French officials have revealed there were more than 100,000 attempts on Britain’s border last year from Calais, where violence has risen along with the number of illegal immigrants returning to the port town since the ‘Jungle’ camp was cleared.
Despite the official number of migrants living in Calais standing at just a tenth of the figure seen in October 2016, when the camp was demolished and migrants sent to accommodation across France, the number of attempts to break into Britain fell by only a third.
A source at the French presidency said there were around 115,000 cases in which illegal immigrants tried to breach the Channel Tunnel or board lorries and trains in the hope of reaching the UK in 2017, compared to 167,000 attempts made in 2016, The Times reports.
The number of migrants living in Calais as they seek to break into Britain is thought to currently stand at around 500 to 700, down from an estimated 7,000 before the ‘Jungle’ was evacuated, but violent clashes between gangs of illegal immigrants still plague the northern French town, where a truck driver heading to the UK died last year as a result of migrant attack.
According to The Times, riot officers had to intervene on Sunday night after gunshots alerted them to a fight between migrants from Afghanistan and the Horn of Africa, who were armed with knives and iron bars.
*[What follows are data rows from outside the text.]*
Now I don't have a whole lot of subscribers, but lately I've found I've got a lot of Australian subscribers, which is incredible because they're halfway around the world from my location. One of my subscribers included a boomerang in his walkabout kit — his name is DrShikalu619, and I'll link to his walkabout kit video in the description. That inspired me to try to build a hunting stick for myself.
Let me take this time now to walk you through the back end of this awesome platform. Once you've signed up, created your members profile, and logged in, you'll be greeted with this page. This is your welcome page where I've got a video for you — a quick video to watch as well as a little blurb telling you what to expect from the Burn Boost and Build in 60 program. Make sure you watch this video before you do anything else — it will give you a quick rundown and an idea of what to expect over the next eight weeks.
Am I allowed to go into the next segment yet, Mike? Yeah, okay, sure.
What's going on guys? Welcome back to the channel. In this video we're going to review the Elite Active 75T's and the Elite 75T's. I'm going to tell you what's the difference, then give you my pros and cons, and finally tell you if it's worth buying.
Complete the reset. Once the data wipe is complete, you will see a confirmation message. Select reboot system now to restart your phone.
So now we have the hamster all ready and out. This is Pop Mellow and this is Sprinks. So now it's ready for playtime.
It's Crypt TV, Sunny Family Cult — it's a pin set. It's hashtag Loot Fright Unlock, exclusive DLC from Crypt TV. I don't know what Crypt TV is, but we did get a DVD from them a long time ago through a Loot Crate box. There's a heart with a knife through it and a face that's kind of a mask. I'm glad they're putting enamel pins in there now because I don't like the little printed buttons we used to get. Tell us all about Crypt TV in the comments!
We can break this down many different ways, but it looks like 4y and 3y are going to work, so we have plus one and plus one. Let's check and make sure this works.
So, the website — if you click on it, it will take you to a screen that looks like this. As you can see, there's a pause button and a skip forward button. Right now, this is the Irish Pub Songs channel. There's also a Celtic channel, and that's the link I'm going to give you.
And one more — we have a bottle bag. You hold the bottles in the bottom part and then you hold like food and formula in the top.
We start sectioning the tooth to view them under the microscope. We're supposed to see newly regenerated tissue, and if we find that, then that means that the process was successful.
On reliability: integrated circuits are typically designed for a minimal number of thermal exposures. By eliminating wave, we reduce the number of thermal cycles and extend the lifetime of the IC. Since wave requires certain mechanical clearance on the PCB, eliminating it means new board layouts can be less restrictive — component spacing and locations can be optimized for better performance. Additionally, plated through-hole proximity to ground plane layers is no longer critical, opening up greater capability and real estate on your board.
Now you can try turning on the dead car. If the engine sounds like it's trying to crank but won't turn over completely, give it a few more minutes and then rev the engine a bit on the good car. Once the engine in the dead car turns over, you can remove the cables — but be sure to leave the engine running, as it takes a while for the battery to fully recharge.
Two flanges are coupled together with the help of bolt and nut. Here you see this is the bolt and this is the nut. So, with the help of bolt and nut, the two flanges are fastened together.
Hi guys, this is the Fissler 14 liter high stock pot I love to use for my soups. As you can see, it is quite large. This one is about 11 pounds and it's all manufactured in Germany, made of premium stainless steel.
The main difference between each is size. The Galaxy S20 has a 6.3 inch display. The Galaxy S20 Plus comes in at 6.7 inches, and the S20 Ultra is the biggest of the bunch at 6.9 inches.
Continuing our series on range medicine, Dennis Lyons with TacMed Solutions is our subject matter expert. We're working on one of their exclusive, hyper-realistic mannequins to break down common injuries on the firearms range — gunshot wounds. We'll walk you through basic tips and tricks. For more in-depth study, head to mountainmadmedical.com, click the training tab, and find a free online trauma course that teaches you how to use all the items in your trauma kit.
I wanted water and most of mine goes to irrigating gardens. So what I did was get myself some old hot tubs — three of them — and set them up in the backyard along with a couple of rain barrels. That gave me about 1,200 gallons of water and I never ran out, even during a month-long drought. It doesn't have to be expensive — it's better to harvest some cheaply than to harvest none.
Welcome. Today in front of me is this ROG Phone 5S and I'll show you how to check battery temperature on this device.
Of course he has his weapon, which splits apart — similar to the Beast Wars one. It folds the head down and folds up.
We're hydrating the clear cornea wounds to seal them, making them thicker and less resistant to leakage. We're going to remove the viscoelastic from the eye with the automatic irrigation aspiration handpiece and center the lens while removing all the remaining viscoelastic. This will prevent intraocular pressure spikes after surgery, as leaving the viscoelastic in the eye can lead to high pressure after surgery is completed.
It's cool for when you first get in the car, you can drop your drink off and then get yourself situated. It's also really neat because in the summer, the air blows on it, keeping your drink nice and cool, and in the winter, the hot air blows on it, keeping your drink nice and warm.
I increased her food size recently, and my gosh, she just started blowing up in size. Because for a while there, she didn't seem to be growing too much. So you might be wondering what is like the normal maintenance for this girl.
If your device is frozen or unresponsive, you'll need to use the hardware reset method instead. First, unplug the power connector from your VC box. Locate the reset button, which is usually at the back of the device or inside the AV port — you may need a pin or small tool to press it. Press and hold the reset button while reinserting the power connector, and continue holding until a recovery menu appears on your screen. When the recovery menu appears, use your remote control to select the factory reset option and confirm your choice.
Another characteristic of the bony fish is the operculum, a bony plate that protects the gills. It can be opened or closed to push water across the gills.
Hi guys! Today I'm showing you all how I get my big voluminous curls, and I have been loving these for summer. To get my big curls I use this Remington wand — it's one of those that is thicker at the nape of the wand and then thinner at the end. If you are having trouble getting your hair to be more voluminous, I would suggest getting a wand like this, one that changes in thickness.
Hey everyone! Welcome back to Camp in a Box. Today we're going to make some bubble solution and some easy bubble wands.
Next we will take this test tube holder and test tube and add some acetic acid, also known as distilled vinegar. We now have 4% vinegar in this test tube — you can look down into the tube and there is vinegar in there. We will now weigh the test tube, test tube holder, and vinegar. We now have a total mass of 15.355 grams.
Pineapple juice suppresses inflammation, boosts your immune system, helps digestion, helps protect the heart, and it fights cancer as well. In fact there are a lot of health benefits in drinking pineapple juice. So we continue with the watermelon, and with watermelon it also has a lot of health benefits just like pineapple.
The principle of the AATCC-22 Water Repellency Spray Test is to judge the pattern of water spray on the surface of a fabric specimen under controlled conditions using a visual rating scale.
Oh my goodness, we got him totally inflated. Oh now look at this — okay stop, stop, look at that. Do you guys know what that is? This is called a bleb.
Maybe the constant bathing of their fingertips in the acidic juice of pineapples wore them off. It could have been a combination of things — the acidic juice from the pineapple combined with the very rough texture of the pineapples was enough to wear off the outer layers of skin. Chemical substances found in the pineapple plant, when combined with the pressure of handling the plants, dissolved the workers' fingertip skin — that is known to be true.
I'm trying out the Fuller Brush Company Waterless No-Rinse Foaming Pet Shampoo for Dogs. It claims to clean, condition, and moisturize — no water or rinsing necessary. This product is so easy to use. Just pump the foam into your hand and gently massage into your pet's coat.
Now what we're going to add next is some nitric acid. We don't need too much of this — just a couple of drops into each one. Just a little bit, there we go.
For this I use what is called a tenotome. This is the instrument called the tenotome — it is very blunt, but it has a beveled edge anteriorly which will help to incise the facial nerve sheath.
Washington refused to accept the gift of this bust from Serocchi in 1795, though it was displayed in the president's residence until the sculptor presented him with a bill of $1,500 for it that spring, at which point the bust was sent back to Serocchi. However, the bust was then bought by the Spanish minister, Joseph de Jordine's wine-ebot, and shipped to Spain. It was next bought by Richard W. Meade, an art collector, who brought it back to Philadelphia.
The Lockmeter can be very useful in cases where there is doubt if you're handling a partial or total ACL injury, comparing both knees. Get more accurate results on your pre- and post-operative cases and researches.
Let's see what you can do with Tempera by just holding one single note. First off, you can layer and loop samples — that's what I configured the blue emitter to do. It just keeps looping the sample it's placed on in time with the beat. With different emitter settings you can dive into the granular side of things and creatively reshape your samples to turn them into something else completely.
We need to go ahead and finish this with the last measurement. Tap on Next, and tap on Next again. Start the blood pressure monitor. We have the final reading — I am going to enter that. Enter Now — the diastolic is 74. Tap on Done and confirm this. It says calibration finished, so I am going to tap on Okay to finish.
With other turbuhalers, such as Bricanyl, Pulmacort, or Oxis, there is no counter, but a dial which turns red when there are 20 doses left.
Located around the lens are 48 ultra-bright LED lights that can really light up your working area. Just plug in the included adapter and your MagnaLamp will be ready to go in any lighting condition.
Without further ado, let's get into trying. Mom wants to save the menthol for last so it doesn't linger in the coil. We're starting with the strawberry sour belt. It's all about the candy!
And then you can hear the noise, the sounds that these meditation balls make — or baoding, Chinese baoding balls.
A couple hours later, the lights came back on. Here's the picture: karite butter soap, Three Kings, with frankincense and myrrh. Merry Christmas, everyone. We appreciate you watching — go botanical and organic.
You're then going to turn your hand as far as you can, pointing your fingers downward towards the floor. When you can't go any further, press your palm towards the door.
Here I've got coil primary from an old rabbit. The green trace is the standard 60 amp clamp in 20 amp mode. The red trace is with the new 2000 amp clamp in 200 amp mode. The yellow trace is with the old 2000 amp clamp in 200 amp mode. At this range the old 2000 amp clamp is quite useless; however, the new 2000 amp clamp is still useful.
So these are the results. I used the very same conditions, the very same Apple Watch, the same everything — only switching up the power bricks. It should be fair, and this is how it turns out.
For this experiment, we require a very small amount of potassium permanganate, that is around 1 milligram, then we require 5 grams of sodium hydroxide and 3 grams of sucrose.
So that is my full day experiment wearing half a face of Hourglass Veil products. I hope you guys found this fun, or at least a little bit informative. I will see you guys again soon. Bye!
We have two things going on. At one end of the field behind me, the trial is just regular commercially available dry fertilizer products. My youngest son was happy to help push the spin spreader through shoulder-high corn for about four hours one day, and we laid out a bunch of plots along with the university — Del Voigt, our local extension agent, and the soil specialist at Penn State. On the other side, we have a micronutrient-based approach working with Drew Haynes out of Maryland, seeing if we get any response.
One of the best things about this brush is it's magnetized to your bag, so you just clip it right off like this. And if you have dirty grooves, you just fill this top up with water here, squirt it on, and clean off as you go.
And late last year an officer was hurt when hit by a car carrying nine immigrants as the vehicle’s driver attempted to evade a roadblock set up by police, on a day in which five Afghans were injured in a shootout between groups of migrants.
French president Emmanuel Macron is making a visit to Calais on Tuesday ahead of Thursday’s talks with UK premier Theresa May, at which she will discuss the situation at Britain’s border with France.
According to a source at the Élysée, the prime minister has bowed to French pressure and at the British-Franco summit at Sandhurst will hear demands that the UK “accept more lone child migrants and to accept them faster”, and that the nation welcome immigrants with “a legitimate case to join family members” in Britain.
During and after the so-called Jungle camp’s clearance last year, more than 750 “unaccompanied minors” were brought from Calais to the UK in a move accompanied by some controversy, as a number of supposed ‘child migrants’ photographed among the coachloads of people transferred from the northern French town looked far older than 17, sporting deep wrinkles and receding hairlines.
While MPs urged stronger age checks for migrants to restore confidence in the system, after some outcry, the Home Office took measures to conceal new arrivals from the public eye, erecting screens and scaffolding.